(Ця стаття також доступна українською мовою тут.)

When civilians are being killed or brutalized in large numbers, soaring calls for the perpetrators to be held to account can feel idle if no court has a clear mandate and jurisdiction to prosecute those crimes. In the case of Russia’s increasingly vicious invasion of Ukraine, though, the situation is straightforward. Years ago Ukraine gave the International Criminal Court (ICC) jurisdiction over crimes against humanity and war crimes committed on its territory since November 2013. On that basis, and spurred by Russia’s expanded invasion and 39 ICC member states formally requesting he take up the situation, the ICC prosecutor last week opened an investigation covering all parties to Ukraine’s conflict, including any war crimes that Russian forces are currently committing. Human rights organizations in Ukraine and elsewhere supported the prosecutor’s action.

U.S. officials, however, will see the situation less straightforwardly. Under the U.S. government’s case-by-case approach toward international tribunals, U.S. officials will ask themselves whether the ICC’s Ukraine investigation fits within the complex set of U.S. policy preferences about how those tribunals should work. Based on my several years of working on these issues as a civil servant, the answer with respect to the ICC’s Ukraine investigation would ordinarily be a clear “no” – but it would be a serious mistake for the U.S. government to land there this time.

The United States and dozens of other countries alarmed by Russia’s egregious acts have been right to deploy a wide range of tools to make clear there will be consequences for those who are responsible. But the default U.S. policy would be to oppose the ICC’s investigation in Ukraine, or at least carefully avoid expressing support for it, because the likely defendants include citizens of a state that has not accepted the ICC’s jurisdiction: Russia.

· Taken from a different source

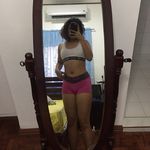 kevin hoops - @kevinhoops69 - Instagram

This case should prompt the United States to finally set aside its idiosyncratic view about the ICC’s jurisdiction – a view that otherwise will prevent it from embracing the court’s work in Ukraine.

When states negotiated the ICC’s founding treaty in the 1990s, the U.S. government – wishing to ensure its personnel could stay outside the court’s jurisdiction – argued that the court should not be able to investigate or charge a suspected perpetrator for crimes committed in an ICC member state, unless their home government consented or the Security Council referred the situation to the Court. The United States badly lost that argument, but administrations of both parties have continued to talk around this stubborn fact, either objecting to this part of the court’s jurisdiction or simply claiming it does not exist.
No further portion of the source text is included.